Leggiamo attentamente la pagina del Vangelo di questa domenica della Risurrezione (Gv 20, 1-9).

Maria di Magdala andò di buon mattino al sepolcro, trovò la pietra tombale ribaltata e la tomba vuota. Costernata corse da Simon Pietro e da Giovanni dicendo: «Hanno portato via il Signore dal sepolcro!». I due discepoli di corsa andarono al sepolcro. Giovanni arrivò per primo, ma non vi entrò; Pietro, giunto dopo, entrò e vide le bende e il sudario deposti per terra. Allora entrò anche Giovanni e vide e credette.

Perché questa constatazione è fatta al singolare ed è riferita a Giovanni? Questa domanda non è una sottigliezza: trattandosi di un testo ispirato, nessun particolare è privo di significato, tanto più se si tiene presente che nel quarto Vangelo le narrazioni sono trasfigurate in simboli della vita e delle vicende della Chiesa.

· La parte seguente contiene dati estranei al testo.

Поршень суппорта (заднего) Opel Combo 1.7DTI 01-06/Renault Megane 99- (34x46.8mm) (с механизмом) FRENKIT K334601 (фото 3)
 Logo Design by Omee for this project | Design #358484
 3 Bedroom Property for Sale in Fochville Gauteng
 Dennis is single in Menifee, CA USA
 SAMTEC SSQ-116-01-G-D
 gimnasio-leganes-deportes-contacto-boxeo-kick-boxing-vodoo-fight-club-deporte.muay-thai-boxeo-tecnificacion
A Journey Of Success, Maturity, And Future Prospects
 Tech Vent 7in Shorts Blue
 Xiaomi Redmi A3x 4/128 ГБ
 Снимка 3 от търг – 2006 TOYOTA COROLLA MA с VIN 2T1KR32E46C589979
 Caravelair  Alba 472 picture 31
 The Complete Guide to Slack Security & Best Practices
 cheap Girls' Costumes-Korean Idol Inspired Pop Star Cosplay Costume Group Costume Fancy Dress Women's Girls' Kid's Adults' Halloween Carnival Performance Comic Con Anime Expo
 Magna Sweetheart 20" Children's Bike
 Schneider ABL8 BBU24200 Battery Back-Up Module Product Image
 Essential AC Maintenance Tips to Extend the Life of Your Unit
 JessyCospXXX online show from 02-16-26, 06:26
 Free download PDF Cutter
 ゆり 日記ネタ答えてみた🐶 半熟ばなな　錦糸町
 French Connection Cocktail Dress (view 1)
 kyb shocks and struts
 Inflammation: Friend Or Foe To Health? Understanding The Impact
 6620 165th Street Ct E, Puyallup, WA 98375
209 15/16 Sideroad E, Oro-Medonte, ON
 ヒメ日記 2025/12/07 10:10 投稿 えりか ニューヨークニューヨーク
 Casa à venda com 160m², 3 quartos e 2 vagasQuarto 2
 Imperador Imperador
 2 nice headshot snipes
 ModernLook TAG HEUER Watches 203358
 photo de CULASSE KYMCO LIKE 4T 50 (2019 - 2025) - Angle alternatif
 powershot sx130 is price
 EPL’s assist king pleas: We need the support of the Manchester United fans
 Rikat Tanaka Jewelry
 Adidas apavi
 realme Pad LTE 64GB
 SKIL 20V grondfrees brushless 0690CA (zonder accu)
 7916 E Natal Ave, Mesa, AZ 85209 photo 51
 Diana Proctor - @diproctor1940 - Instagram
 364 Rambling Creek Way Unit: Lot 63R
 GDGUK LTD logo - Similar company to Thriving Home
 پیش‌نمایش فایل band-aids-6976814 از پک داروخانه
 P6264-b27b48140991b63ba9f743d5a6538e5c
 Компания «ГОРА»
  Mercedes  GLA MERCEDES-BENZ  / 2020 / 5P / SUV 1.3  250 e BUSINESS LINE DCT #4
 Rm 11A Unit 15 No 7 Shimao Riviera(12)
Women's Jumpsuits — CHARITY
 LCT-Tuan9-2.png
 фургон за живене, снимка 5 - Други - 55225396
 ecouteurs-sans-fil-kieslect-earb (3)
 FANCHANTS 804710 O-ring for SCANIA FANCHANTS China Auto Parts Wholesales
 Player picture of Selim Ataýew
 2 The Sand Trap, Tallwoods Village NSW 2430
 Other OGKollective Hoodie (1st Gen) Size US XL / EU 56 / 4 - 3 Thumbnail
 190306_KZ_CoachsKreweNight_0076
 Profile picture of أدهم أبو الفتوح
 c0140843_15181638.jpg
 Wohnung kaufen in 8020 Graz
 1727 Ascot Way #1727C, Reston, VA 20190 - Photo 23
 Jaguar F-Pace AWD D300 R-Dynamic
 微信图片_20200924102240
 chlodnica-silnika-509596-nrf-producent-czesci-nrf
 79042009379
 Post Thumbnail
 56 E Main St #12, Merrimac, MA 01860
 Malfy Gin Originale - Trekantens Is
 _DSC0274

La visione realistica che il Vangelo ha della natura umana non esclude la possibilità di una fede legata al compromesso; in due figure di apostoli ha tratteggiato due immagini: quella del discepolo che, pur sentendo il fascino di Cristo, è attratto dalle vedute umane, e quella del discepolo che non viene mai meno nella sua fedeltà all’amore: Pietro e Giovanni. Esse indicano le due costanti della storia della Chiesa.

Pietro è chiamato, come Giovanni, ad amare e a perdere la propria anima, ma non sempre riesce a liberarsi dai ragionamenti e a gettarsi allo sbaraglio della fede. «Pietro discese dalla barca e cominciò a camminare sulle acque. Davanti alla violenza del vento ebbe paura e principiando ad affondare gridò: “Signore, salvami!”. Gesù lo prese per mano e gli disse: “Uomo di poca fede, perché hai dubitato?”» (Mt 14, 29-31).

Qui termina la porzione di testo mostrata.